| Available data |
--- START ---
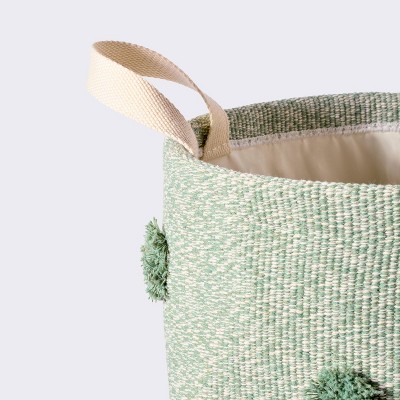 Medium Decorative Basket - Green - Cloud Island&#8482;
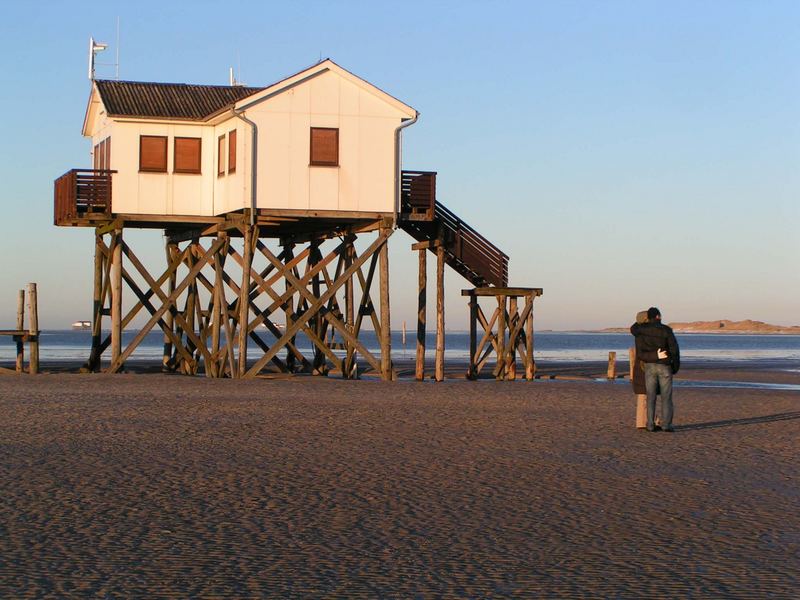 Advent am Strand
--- END ---
--- START ---
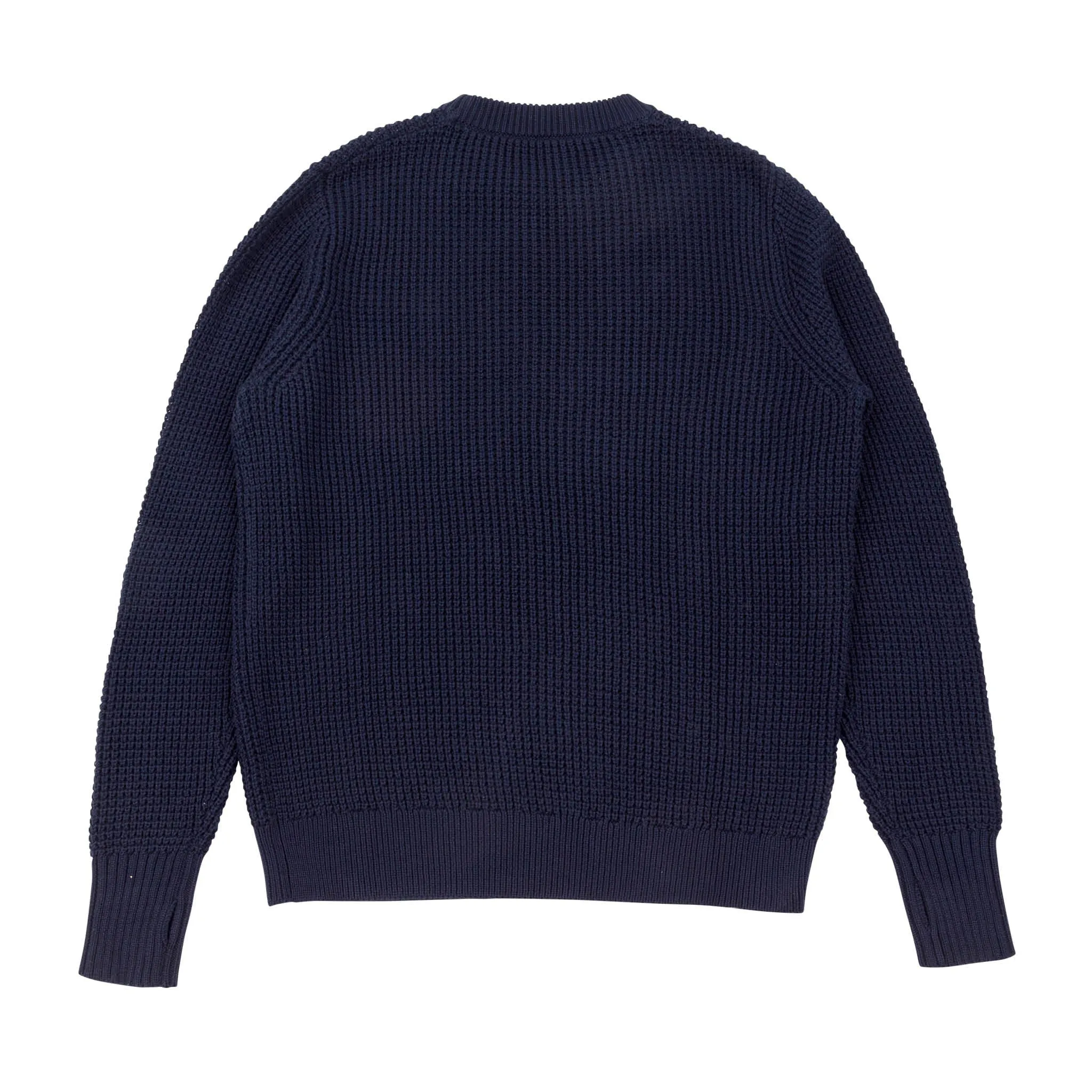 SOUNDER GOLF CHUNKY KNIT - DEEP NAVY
--- END ---
| Task prompt |
Quote word for word only the lines above from the one containing "Medium Decorative Basket" through the one containing "Advent am Strand". Pictures stay out of your copy.

| Exercise result |
 Medium Decorative Basket - Green - Cloud Island&#8482;
 Advent am Strand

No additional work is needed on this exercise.